Occasionally a list member will have their computer compromised and emit
spam. If necessary, the user can be blocked until their computer is fixed.
Some lists use moderators so every posting to the list must be approved.
As I have root access to all the systems involved I will occasionally do
a 'tail -f mail.log' to see how mail is flowing. Sometimes it is too
fast to see, but you can usually tell if most of the status messages are
250 (message sent) or 4xx or 5xx. Sometimes I'll just grep the log for
specific responses.
On 4/30/2013 7:03 AM, Javad Hoseini-Nopendar wrote:
Thank you dear Mark, Steven, Adam and Richard for your helpful answers.

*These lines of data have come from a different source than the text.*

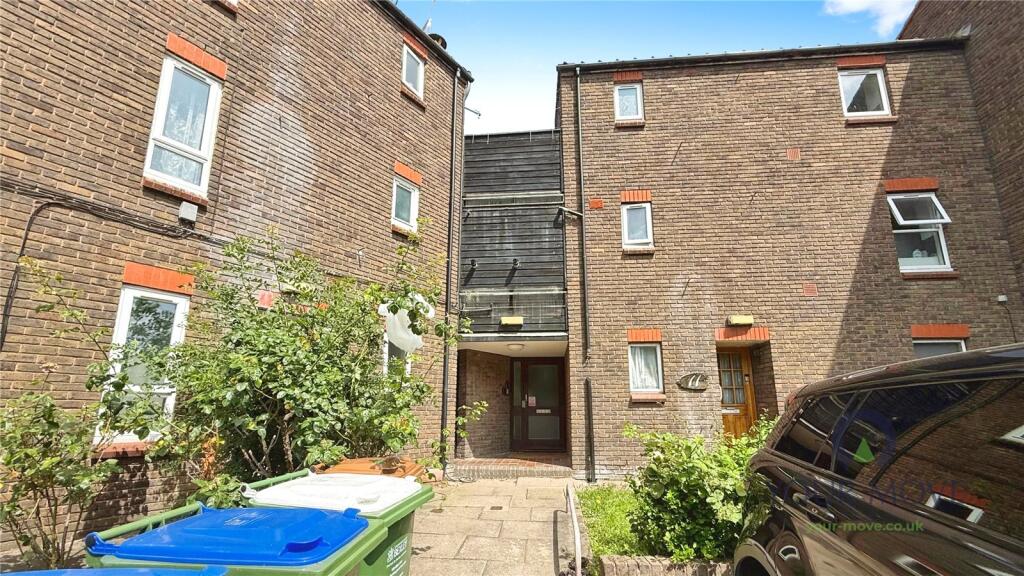 Main image of property: Glimpsing Green, Erith, DA18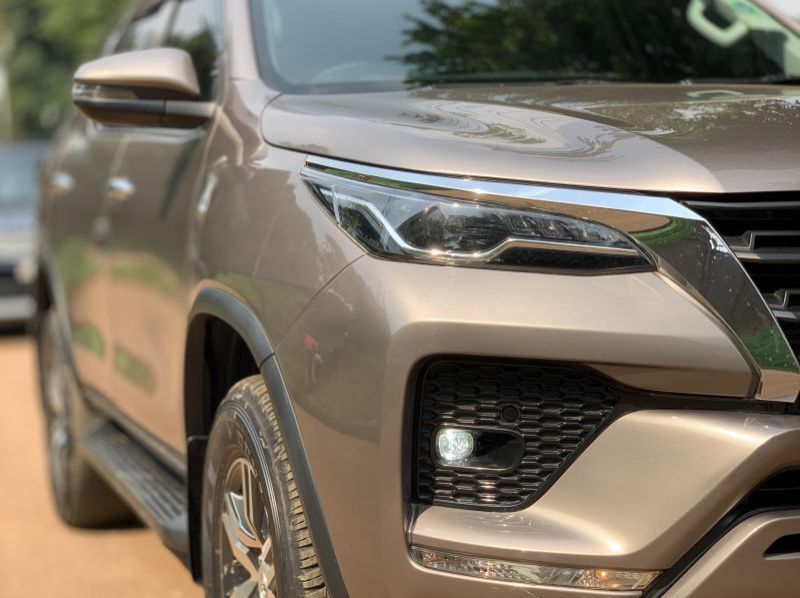 2021 Toyota fortuner pictures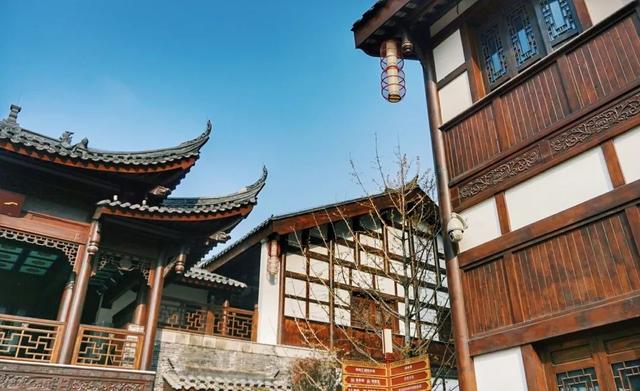 这条老街不仅有四合院书店，还有美味的泡面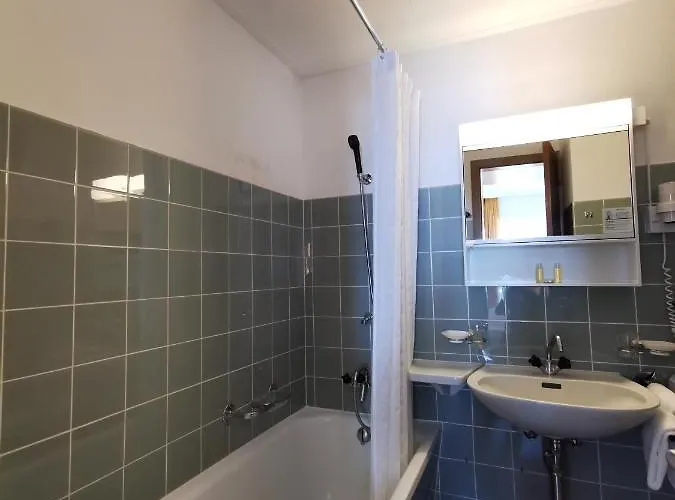 Schnider Und Café 2*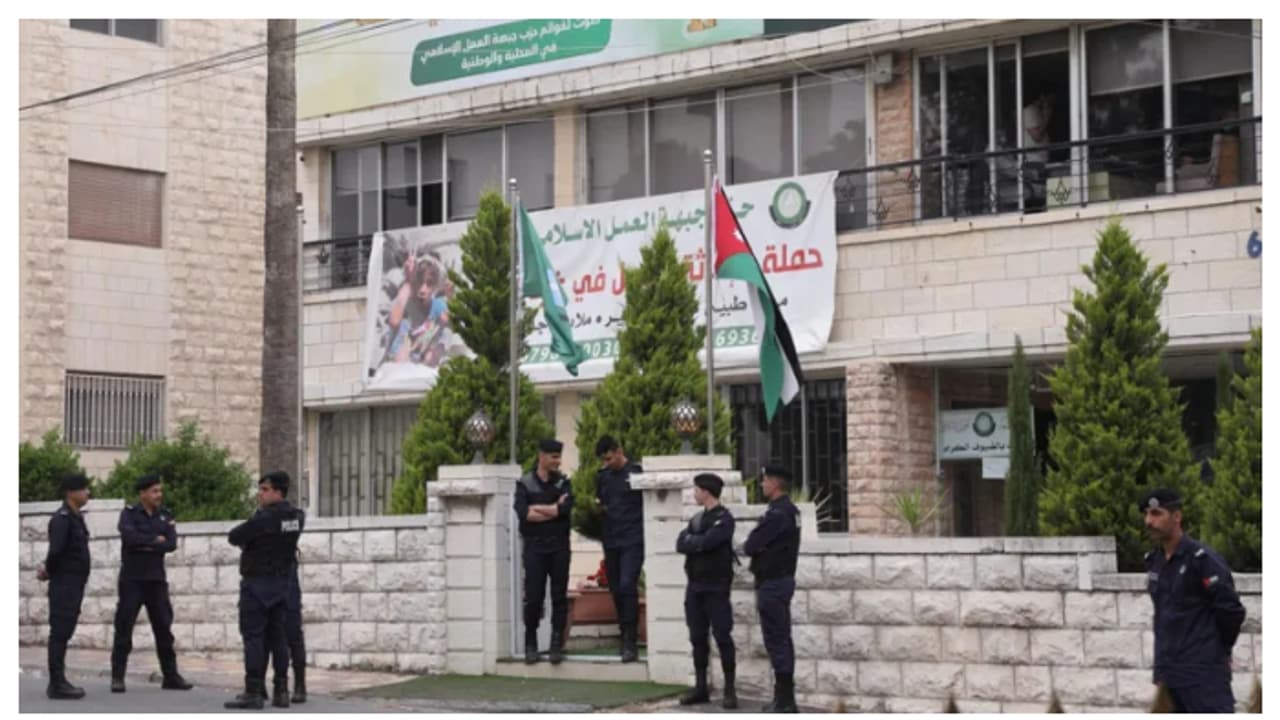 എല്ലാ ഓഫിസുകളും അടച്ചുപൂട്ടി, സ്വത്ത് കണ്ടുകെട്ടും; മുസ്ലിം ബ്രദർഹുഡിനെ നിരോധിച്ച് ജോർദാൻ എല്ലാ ഓഫിസുകളും അടച്ചുപൂട്ടി, സ്വത്ത് കണ്ടുകെട്ടും; മുസ്ലിം ബ്രദർഹുഡിനെ നിരോധിച്ച് ജോർദാൻ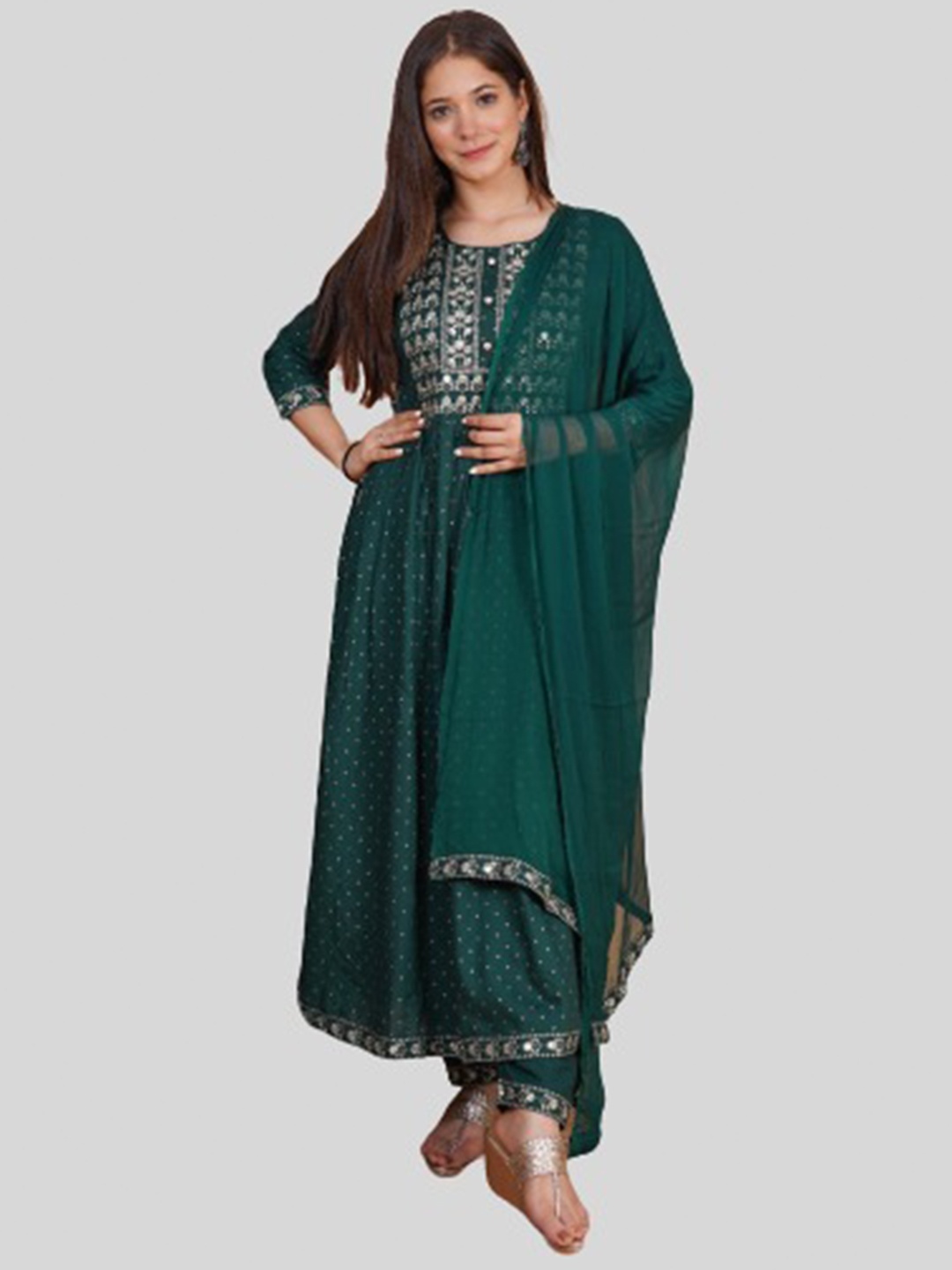 

misbis Women Green Ethnic Motifs Printed Thread Work Kurta with Palazzos & Dupatta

Now I have another question. Many of the hosting servers in my country Iran,
disable the mailing list service for all their users (unless the users of
Private Servers). If you talk to them and swear an oath not to send spam, or
if you become contented with paying extra charge, again they don't accept to
activate the mailing list service for shared hosts, because if I start
sending spam, their IP will go into the black list of Gmail and Yahoo and
all the websites on that hosting service will be blocked by Yahoo and Gmail
anti-spam filters. What do the hosting companies of other countries do in
order to prevent spamming by the users of their mailing lists? Do they
deactivate the mailing lists too, or have ways to supervise the websites and
prevent them from spamming? -----
Original Message -----
From: "Stephen J. Turnbull" <step...@xemacs.org>
To: "Richard Damon" <rich...@damon-family.org>
Cc: <mailman-users@python.org>
Sent: Tuesday, April 30, 2013 10:09 AM
Subject: Re: [Mailman-Users] Mass Mail
Richard Damon writes:
> There is a fourth case, Host Provider sends the emails then sends you a
> bill for the overage at the rate specified in the contract. This could
> be very expensive for going that much over limit.